### Prompt
Nothing below is to be printed except the lines between the line holding "RICKY FLINT AND" and the line holding "La flexibilité en", inclusive, each exactly as it appears.

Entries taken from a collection

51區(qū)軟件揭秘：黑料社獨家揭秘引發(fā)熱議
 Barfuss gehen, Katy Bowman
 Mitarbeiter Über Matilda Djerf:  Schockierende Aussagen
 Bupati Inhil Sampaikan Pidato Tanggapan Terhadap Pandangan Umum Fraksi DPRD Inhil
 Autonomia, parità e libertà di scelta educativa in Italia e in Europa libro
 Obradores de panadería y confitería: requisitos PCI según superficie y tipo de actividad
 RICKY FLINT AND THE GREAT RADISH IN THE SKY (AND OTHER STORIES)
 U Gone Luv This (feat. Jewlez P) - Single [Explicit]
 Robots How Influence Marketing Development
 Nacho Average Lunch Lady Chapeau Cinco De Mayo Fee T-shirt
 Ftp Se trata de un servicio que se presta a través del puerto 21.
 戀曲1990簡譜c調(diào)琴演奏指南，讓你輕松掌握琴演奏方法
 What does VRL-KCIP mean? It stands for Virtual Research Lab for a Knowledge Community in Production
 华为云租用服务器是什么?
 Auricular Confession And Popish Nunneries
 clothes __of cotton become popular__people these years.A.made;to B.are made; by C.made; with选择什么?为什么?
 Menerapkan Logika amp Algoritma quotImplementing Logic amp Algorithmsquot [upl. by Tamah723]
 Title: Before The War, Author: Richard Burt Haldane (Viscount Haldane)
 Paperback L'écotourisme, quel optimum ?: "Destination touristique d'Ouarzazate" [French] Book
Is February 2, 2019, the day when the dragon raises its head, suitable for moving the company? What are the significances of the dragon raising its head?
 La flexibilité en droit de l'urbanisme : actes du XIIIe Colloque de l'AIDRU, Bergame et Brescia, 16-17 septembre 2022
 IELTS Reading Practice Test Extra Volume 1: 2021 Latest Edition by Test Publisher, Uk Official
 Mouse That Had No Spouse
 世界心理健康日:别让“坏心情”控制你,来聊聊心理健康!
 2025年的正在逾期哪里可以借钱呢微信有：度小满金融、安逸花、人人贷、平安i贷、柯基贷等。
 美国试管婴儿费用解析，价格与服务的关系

### Expected answer
 RICKY FLINT AND THE GREAT RADISH IN THE SKY (AND OTHER STORIES)
 U Gone Luv This (feat. Jewlez P) - Single [Explicit]
 Robots How Influence Marketing Development
 Nacho Average Lunch Lady Chapeau Cinco De Mayo Fee T-shirt
 Ftp Se trata de un servicio que se presta a través del puerto 21.
 戀曲1990簡譜c調(diào)琴演奏指南，讓你輕松掌握琴演奏方法
 What does VRL-KCIP mean? It stands for Virtual Research Lab for a Knowledge Community in Production
 华为云租用服务器是什么?
 Auricular Confession And Popish Nunneries
 clothes __of cotton become popular__people these years.A.made;to B.are made; by C.made; with选择什么?为什么?
 Menerapkan Logika amp Algoritma quotImplementing Logic amp Algorithmsquot [upl. by Tamah723]
 Title: Before The War, Author: Richard Burt Haldane (Viscount Haldane)
 Paperback L'écotourisme, quel optimum ?: "Destination touristique d'Ouarzazate" [French] Book
Is February 2, 2019, the day when the dragon raises its head, suitable for moving the company? What are the significances of the dragon raising its head?
 La flexibilité en droit de l'urbanisme : actes du XIIIe Colloque de l'AIDRU, Bergame et Brescia, 16-17 septembre 2022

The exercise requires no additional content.